Publicado em O Jornal da Tarde, 23/09/1998
Tirando proveito dos inimigos
O que esse título lhe sugere? Esperteza? Maldade? Imoralidade?
Plutarco, filósofo grego, que entre os anos 75 e 95 depois de Cristo, viveu na Itália, parece ter bebido da mesma água que, muitos séculos mais tarde, iria ser tomada por Nicolau Maquiavel.
Partindo do princípio de que é impossível aos seres humanos não terem inimigos, ele argumentava que só lhes resta desenvolver suas habilidades para tirar proveito da sua situação.
Mas como fazer isso? Quê tipo de habilidades são essas? Na verdade, a receita de Plutarco desemboca em um precioso roteiro de regras morais, ilustradas abaixo.
1. Tendo em vista que os inimigos observam as nossas ações atentamente, diz ele, é importante estarmos atentos a nós mesmos.
2. Os inimigos estão sempre a espreita de nossos erros. Isso nos obriga a viver de modo virtuoso e irrepreensível, resistindo as facilidades e afastando a presunção.
3. A auto-vigilância nos ajuda a evitar desacertos e avançar em relação aos inimigos.
4. Quando os inimigos são concorrentes, o zelo deve ser redobrado. Assim fazendo, somos compelidos a nos aperfeiçoar continuamente. Com isso, desenvolvemos mecanismos automáticos de defesa que são instigados pelos próprios inimigos (Plutarco, Como Tirar Proveito dos Seus Inimigos, Ed. Martins Fontes, 1997).
Essa filosofia, que logo completará dois mil anos, prova que os inimigos nos são muito valiosos. Eles prestam serviços raros, que nem mesmo os amigos são capazes de prestar. Veja o engenhoso exemplo de Plutarco:
Um inimigo censurou o homem por ter mau hálito. Chegando em casa, este perguntou à sua esposa: por quê nunca me falou desse problema? A mulher, que era tão simples quanto casta, respondeu-lhe: "Pensei que todos os homens cheiravam da mesma maneira". Ou seja, ele precisou de um inimigo para saber o que nunca lhe foi ensinado pela pessoa mais amada.

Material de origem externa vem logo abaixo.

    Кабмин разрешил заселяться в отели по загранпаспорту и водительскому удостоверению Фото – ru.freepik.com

As lições de Plutarco estabelecem as bases para a vida em regime de competição. Esse regime se fundamenta na liberdade, que é um dos valores mais apreciados pelos seres humanos. Mas ele envolve a permanente ameaça que é a situação mais detestada por todos nós. Liberdade e ameaça fazem parte de todas as atividades. Elas valem para o trabalho e para o amor.
O regime de concorrência, portanto, exige da nossa parte um zelo constante. Os concorrentes são impiedosos. Temos de observar muito bem a sua conduta e nos esforçarmos para viver em aperfeiçoamento contínuo.

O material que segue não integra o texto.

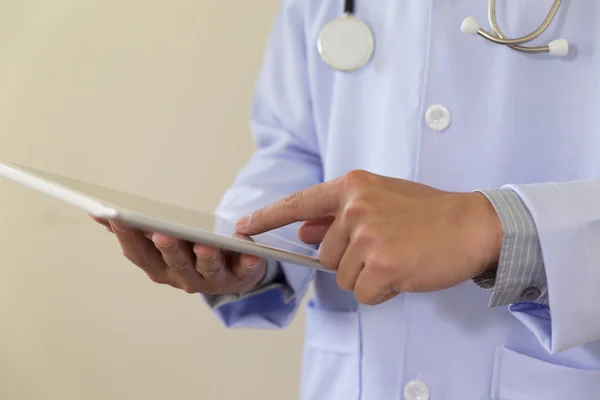 Arzt im weißen Laborkittel bei der Arbeit mit seinem Tablet-Computer — Stockfoto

Já foi o tempo em que as pessoas e as empresas precisavam tornar-se competitivas. Nos dias atuais, é inevitável que elas se mantenham competitivas. Este é um estágio mais avançado e maios difícil.

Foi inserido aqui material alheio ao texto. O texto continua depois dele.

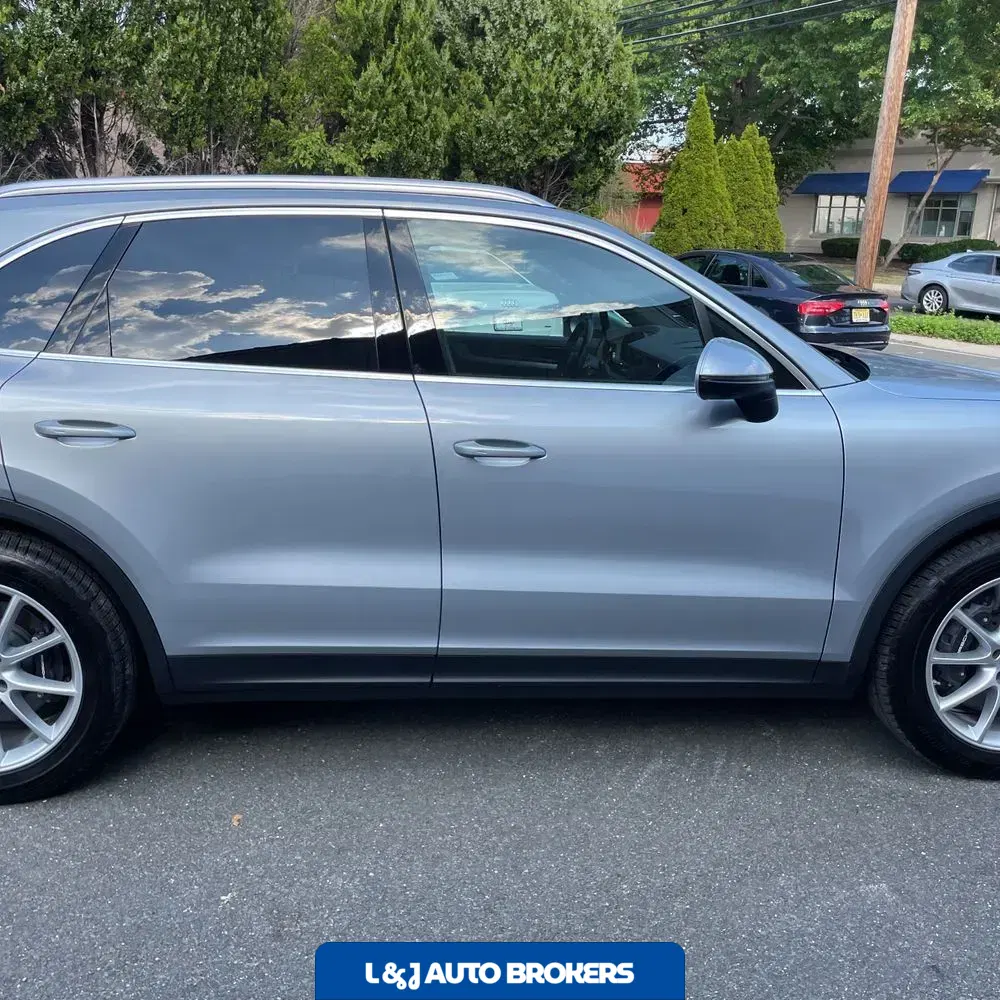 2024 Porsche Cayenne Base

A concorrência se torna desumana quando as condições de partida são díspares como é o caso das diferenças de educação e capacitação profissional para os trabalhadores. e dos juros e tecnologia para as empresas.
Ainda assim os conselhos de Plutarco são de utilidade. No mundo da competição - e das inimizades - temos de aproveitar todos os sinais dos concorrentes para fazer avançar as nossas qualidades. Por isso, não convém desprezar censuras. Elas são didáticas para quem se dispõe a apreender.